The Birthday Party

Harold Pinter
London Classic Theatre
The Gala Theatre, Durham

Imogen Wilde (Lulu) Jonathan Ashley (Goldberg) Cheryl Kennedy (Meg), DeclanRodgers (McCann) Credit: Sheila Burnett

Since Harold Pinter’s death in 2008, his stage work has moved slightly off radar, at least in such far-flung parts as these, though the culture-gorged South East is probably still more than amply provided.

Once the enfant terrible of British theatre, posthumously, Pinter inevitably sinks into the accepted dramatic canon, as symbolised by the name of the present touring company, London Classic Theatre.

Two facts emphasise that basically we are still fascinated by the man: a touring schedule for The Birthday Party (36 venues) most rock bands would die for and the fact that Durham Gala Theatre was 95 per cent full. Yet, even now, I suspect several of the audience were seeing this play for the first time. Witness an overheard comment from an audience member as we left. “Hmmm. An acquired taste, I think.”

This was Pinter’s second play and premièred at the Lyric, Hammersmith in 1958. It was panned by the critics and closed after six performances. Only the brave Harold Hobson praised it, his review calling the author, “the most original, disturbing and arresting playwright in London theatre.”

I watched it last night along with the Durham poet S J Litherland who was among the lucky few at the Lyric those 58 years ago for the opening night.

Does the play stand up? And what’s it about? The first question is easier to answer. Writing as original as this will always endure even if the pervading shabbiness of 1950s Britain seems a universe removed from today’s shallow, high-speed glitz. The play’s strength is its ability to suck us right in from line one without us ever being quite capable of putting our finger on it. It was a revolution in theatre, acted out on the most conventional of stages—a domestic interior.
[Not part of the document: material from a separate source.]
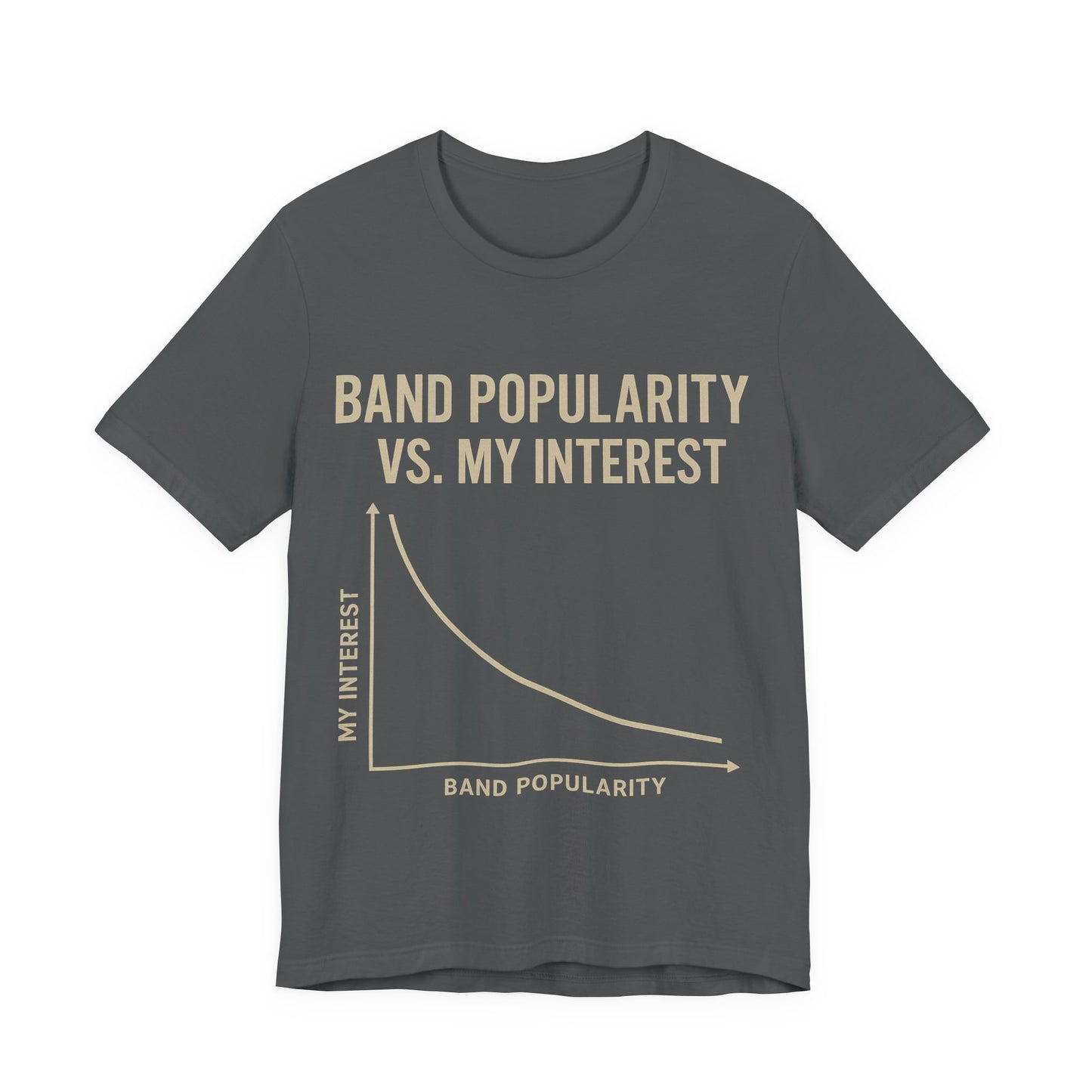 Music Snob Tshirt, Obscure Band Music Lover Gift, Funny Graphic Tee, Trendy Casual Shirt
We have the dull, routine seaside boarding house run by the excitable Meg (Cheryl Kennedy) and her plodding deckchair attendant of a husband Petey (Ged McKenna), with the troubled misfit Stanley (Gareth Bennett-Ryan), as the long-term guest for whom Meg obviously has the (unsatisfied) hots. Imogen Wilde is the neighbour Lulu, occasionally breezing in with a backdraft of sensuality.

Into this fairly hermetic, static world, on the occasion of Stanley’s birthday, (which he is most keen not to celebrate), step two new guests, Jonathan Ashley as the dapper and silver-tongued Jew, Goldberg, exuding charm and menace in equal proportions, and Declan Rodgers’s McCann, who exudes only the latter. With his muscular frame closely outlined by the tight, roll-neck, flesh-coloured jumper (tastelessly offset by red bracers) and his aggressive stance, McCann looks like a body-builder in a state of permanent flexing.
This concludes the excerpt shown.